Goldberg acknowledges that not all evidence is bad. Some studies on day care have found it’s not bad at all. (When one considers only studies conducted by people or groups without apparent bias, however—as is the case with the above study—the results almost always paint a not-so-pretty picture.) And he’s clear that he’s talking about parents who choose to work outside the home, not those who effectively have no choice.
Goldberg asks why the major media have not done more reporting on this. Why haven’t Dan Rather, Peter Jennings and their counterparts at the other major news networks shone their probing spotlights on growing evidence that great numbers of America’s children are getting the old short shrift by parents who decide that making more money and gaining status are more important than providing the best life for their children? Because this is about women, and in America’s newsrooms, women are a ‘protected class.’
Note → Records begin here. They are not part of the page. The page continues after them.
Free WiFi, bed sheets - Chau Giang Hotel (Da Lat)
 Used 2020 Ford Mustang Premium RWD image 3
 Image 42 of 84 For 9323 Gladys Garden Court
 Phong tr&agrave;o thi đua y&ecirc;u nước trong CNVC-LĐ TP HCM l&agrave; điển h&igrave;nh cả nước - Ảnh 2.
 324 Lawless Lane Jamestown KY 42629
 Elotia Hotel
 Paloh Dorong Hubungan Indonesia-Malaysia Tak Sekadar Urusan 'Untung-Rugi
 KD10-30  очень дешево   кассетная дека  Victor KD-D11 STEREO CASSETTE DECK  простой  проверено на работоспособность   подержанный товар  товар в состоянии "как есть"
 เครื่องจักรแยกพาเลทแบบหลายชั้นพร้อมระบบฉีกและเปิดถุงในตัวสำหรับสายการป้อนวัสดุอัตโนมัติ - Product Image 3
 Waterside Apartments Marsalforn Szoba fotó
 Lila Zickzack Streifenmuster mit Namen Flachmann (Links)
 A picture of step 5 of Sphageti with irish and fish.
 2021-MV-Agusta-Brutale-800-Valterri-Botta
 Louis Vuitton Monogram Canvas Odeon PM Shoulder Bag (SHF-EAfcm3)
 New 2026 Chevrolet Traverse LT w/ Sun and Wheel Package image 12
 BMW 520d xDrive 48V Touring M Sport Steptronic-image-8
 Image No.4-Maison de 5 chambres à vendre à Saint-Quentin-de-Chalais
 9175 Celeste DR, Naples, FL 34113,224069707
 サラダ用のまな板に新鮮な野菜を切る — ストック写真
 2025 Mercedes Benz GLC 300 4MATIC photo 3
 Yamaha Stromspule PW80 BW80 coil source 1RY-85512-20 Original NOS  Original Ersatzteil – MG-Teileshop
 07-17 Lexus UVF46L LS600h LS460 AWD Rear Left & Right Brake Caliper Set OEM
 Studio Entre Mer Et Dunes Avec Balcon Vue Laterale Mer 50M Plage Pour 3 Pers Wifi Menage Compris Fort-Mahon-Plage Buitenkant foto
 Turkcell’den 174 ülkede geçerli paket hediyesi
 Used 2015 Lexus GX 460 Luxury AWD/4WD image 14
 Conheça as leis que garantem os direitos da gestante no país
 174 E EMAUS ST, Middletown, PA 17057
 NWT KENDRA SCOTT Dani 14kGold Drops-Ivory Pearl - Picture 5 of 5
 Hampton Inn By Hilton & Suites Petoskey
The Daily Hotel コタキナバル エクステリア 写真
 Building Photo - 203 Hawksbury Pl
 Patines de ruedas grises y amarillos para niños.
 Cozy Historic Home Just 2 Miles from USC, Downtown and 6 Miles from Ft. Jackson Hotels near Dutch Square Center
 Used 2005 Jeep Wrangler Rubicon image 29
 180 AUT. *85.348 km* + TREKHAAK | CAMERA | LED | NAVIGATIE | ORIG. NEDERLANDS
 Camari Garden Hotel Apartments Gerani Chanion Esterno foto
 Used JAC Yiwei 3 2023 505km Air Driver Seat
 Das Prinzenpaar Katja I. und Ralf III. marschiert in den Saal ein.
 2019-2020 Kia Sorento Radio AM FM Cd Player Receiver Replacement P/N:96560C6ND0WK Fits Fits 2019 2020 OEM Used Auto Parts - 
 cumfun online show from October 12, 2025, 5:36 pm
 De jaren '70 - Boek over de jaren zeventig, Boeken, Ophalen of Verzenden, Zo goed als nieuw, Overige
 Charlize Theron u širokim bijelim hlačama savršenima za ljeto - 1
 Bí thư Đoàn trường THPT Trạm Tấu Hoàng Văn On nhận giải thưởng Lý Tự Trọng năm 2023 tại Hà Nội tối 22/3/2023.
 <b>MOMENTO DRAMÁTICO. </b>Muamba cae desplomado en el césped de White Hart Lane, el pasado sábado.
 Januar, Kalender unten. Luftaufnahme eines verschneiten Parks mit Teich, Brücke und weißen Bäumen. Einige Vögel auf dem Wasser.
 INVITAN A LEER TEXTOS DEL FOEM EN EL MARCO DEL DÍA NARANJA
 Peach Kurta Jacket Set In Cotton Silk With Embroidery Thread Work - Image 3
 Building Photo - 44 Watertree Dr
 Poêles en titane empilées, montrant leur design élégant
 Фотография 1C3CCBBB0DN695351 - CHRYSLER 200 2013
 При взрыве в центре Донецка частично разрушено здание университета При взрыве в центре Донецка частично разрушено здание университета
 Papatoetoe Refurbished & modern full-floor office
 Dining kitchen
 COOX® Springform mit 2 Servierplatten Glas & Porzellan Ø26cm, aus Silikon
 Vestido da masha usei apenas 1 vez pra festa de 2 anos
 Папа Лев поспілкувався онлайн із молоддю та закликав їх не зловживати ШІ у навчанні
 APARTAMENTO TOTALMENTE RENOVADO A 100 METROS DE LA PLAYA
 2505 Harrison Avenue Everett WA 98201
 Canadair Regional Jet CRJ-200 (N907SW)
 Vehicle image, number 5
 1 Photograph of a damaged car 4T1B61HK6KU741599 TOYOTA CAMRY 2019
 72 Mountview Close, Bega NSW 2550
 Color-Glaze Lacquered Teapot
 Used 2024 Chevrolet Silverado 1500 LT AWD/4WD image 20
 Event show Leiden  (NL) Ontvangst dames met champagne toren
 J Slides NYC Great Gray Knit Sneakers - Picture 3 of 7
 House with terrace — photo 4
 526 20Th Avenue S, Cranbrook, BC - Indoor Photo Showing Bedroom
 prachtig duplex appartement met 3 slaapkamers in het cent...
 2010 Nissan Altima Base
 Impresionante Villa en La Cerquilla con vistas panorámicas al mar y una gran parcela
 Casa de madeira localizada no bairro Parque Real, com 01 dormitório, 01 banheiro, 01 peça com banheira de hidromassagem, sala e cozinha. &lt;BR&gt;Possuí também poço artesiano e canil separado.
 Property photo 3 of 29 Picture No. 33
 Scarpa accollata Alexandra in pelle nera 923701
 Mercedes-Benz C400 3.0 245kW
Feminists are highly threatened by the sort of evidence Goldberg cites…
And so, as writes Rich Lowery in the May 2001 National Review, “We are willing to do anything for the children except suggest that their mothers should stay with them; we are committed to leaving no child behind unless it is by his mother hustling off to make her career.” (John Rosemond, “Author Cites Working Moms In Deterioration of Morality,” in his column, “Parental Guidance,” The Daily Oklahoman, Mon., Mar. 11, 2002, p. 5B).
God has always known that godly mothers are the guardians of morality. His wisdom in ordaining that they should be keepers at home cannot be questioned. We who propose to teach “sound doctrine” ought to be sounding the clarion call for mothers to be “keepers at home” in the exalted position where God placed them instead of competing in the marketplace.
When mothers (and fathers) are driven by materialism and secular concerns more than concern for their children’s souls, everyone suffers—most of all, the children.